# year-round in Bozeman, MT



## MThand (Jul 22, 2005)

Hi all!  

As a new fella to this idear of livin' in a travel trailer year round 
I have a lot of questions, but will only start with a few here to get goin'.  

- how could I estimate how much it would cost to take a travel trailer and winterize it for livin' near Bozeman, MT year-round?  I am looking at the trailers sold in this area (at BigSky RV (they only have a little one winter-ready for ~$22k) and in the Bozeman Chronicle (http://www.bozemandailychronicle.com/classifieds/?loc=detail&main=Transportation&sub=Travel Trailers) and ones like the Jayco Eagle listed there-no slides and not winter ready right now).

Mainly I am lookin' to save a few bucks on this bloomin' rent.  I'd rather pay myself for something than pay someone else's mortgage.  And it'd be nice to have my own casa of a sort anyhow. 

Oh yeah, that reminds me, would I get a personal loan or an auto loan or what to get a travel trailer?  how's that work?

A few notes here:  This trailer will sit in one place and not move possibly for years, so pulling it is NOT a concern.  And I know to take real good care of the tires/wheels in case ever would want to pull'er somewhere again.  and blockin' the whole deal up 'stead of bankin' on the little jacks for livin' in it.  eh?

Plenty more questions and stuff coming soon I am sure.   

I thank ya for readin' and look forward to learnin' here.  

Chuck


----------



## C Nash (Jul 22, 2005)

year-round in Bozeman, MT

Hi chuck,
You need to look at units that are 4 season rigs. Get one with dual pane windows, heated tanks and cold weather package. You can also underpin with so inexpensive materials if staying in one place.  I have heard of putting bales of hay around the rv but, would kind of worry about fire with this myself.
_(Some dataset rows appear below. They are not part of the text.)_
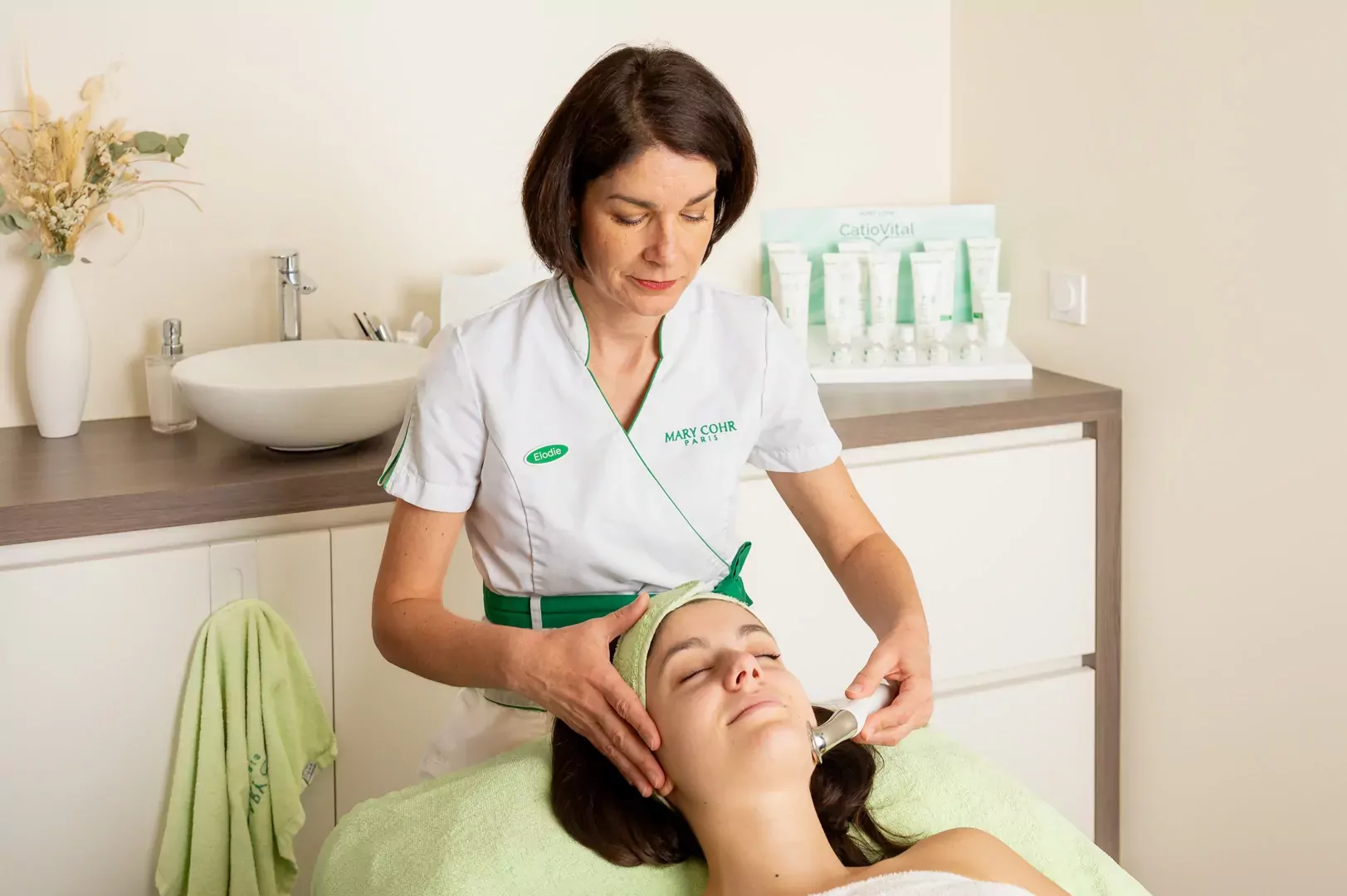 Une employée de Douceur et Bien-Être fait un soin du visage à une cliente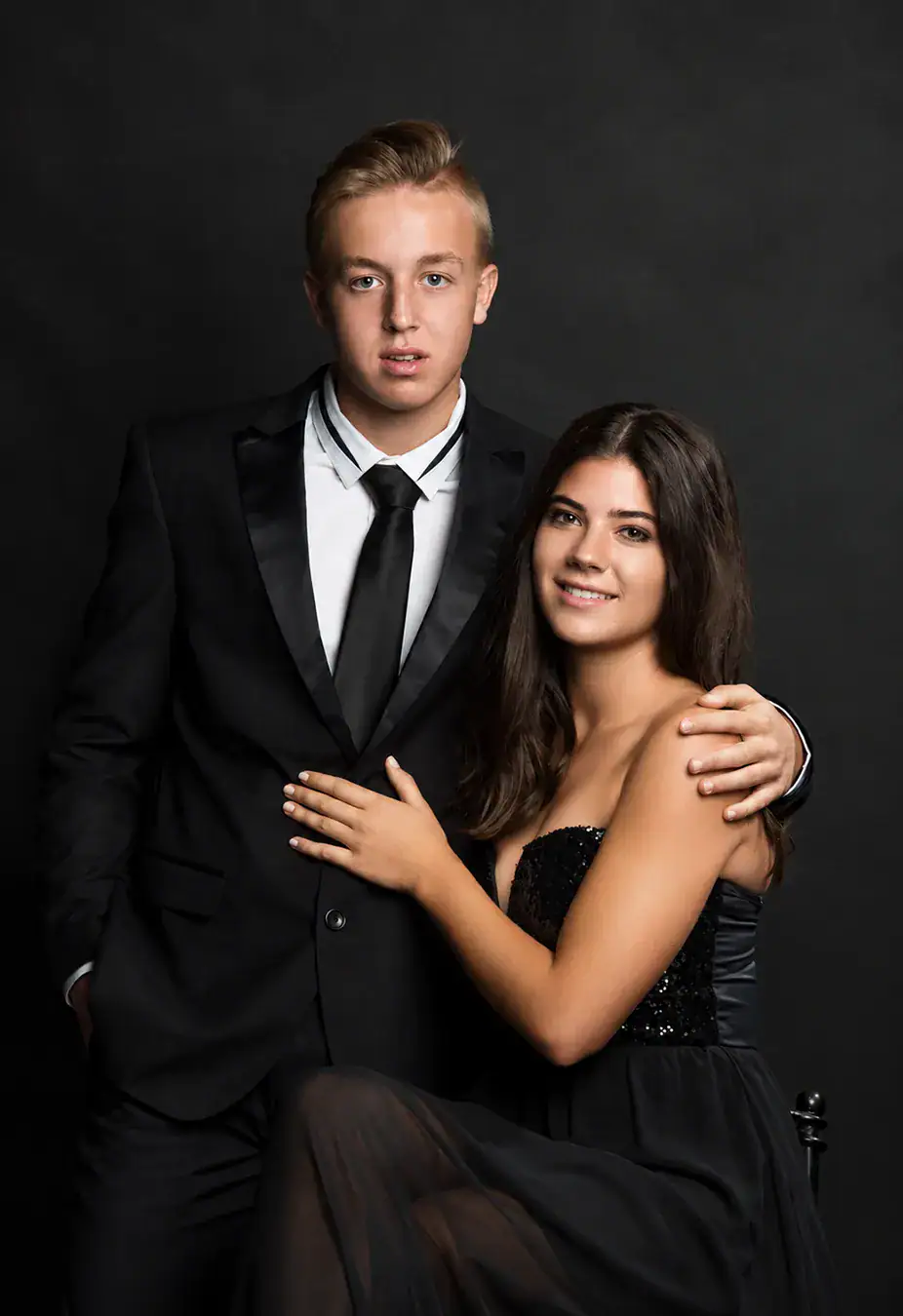 Matric farewell couple in formal evening wear photographed together in a Johannesburg studio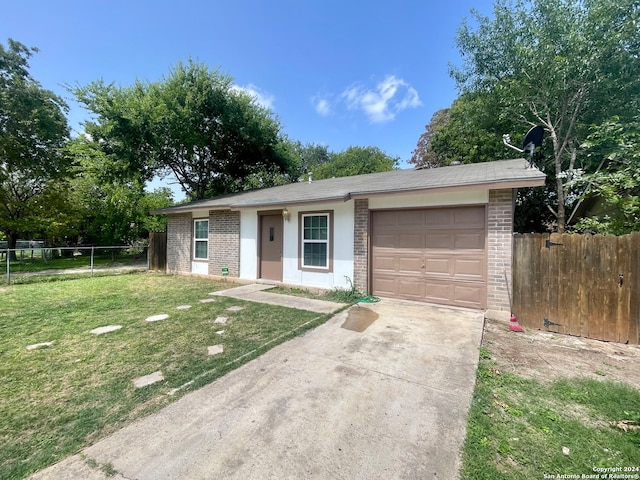 ranch-style home with a garage and a front yard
Anything to keep the winds from beneath the rv will help. As far as cost hard to say but the propane will be the biggy in winter. I would get a large tank because you will go through the small ones pretty quick. The A/Cs are pretty good in summer and power bill is not to bad. Cover the windows with some type foil.  Condensation will be a big problem. Bank of the west or e-trade or a couple of banks that will go rv loans.  Should be able to get around 6.0 rate now.  Might check out a personel loan rate.  Guess it has a lot to do with how much you will finiance.  If you are going to be living in it i would recomend a slide but that is just a personel opinion.  Welcome to the forum


----------



## hertig (Jul 23, 2005)

year-round in Bozeman, MT

The loan you want is an RV loan.  I got one from the dealer for 6.25 percent, but didn't shop around so maybe there is better out there.  For one thing, I'd check out Good Sam Club to see what sort of loan they can provide.

A travel trailer is designed to travel.  Of course, you can leave it sit for a long period, but it may not travel well any more after it gets used to sitting    Also, there are may be things which are less conveniant since they are optimised for travel.  For instance, I suspect you will have to allow your black tank to fill up and then dump every so often rather than just leave it open all the time (solids may build up, and could back up into the gray tank).  Have you looked into 'pre-manufactured' homes which are designed to be set up and left there?


----------



## DL Rupper (Jul 23, 2005)

year-round in Bozeman, MT

Hey MThand,
Check out the RV parks to see if they will accept a Park Model.  If you are not going to move it for years, a Park Model may work out better as a home.  You can always sell it when your ready to move on.  They are usually a little less expensive than a 4 season trailer.  Good luck.


----------



## MThand (Jul 25, 2005)

year-round in Bozeman, MT

many thanks here fellas.  sure appreciate your gettin' back to me on this deal.  and thanks DL for the Park Model idea.  I'll sure look into 'em.  a quick search just showed me some deals that look a heckuva lot like a normal housetrailer.  what is the real difference 'tween the two?  size?  poratbility?  I am assuming the latter is one main point.  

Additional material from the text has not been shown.